● **Instructions to follow**:
Pictures in the listing below are skipped, while the lines from the "empty room featuring" line through the "A set of Victorian" line are returned word for word.

● **Information supplied**:
*** Block opens ***

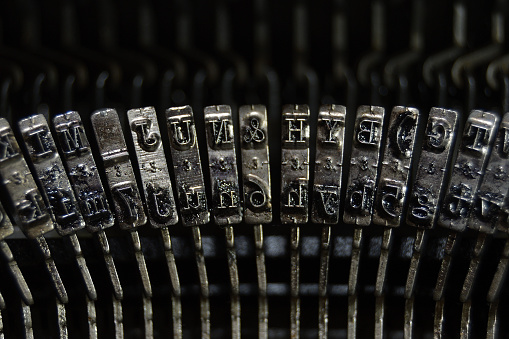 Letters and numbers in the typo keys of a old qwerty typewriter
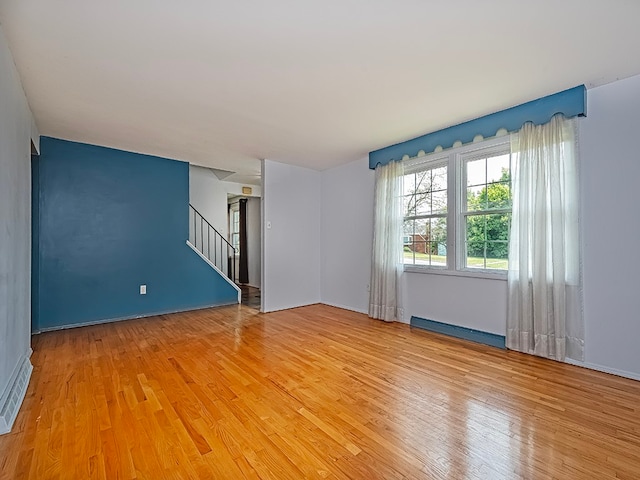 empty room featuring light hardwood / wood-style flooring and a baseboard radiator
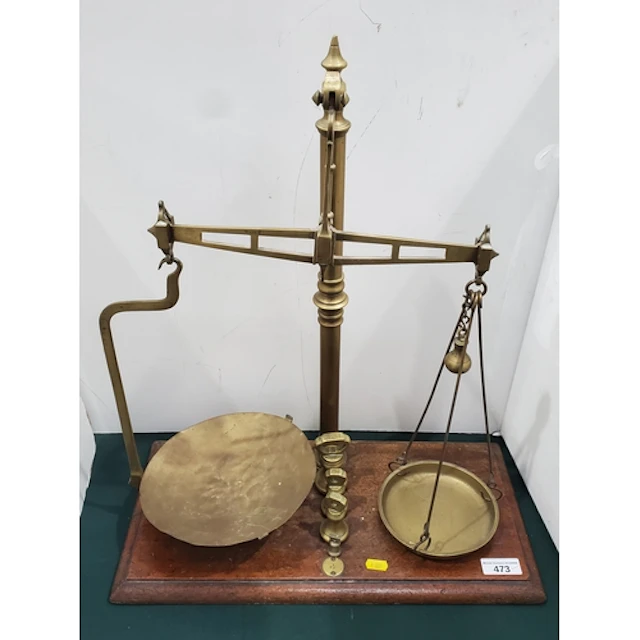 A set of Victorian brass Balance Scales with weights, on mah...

*** Block closes ***
*** Block opens ***

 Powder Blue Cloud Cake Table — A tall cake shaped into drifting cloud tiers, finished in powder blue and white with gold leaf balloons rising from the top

*** Block closes ***
*** Block opens ***

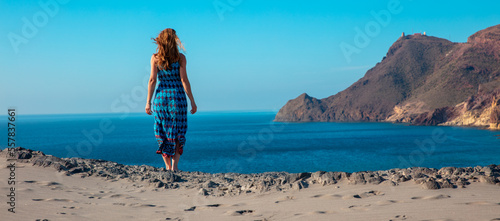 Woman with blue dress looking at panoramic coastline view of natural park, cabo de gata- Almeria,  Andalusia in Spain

*** Block closes ***

● **Written answer**:
 empty room featuring light hardwood / wood-style flooring and a baseboard radiator
 A set of Victorian brass Balance Scales with weights, on mah...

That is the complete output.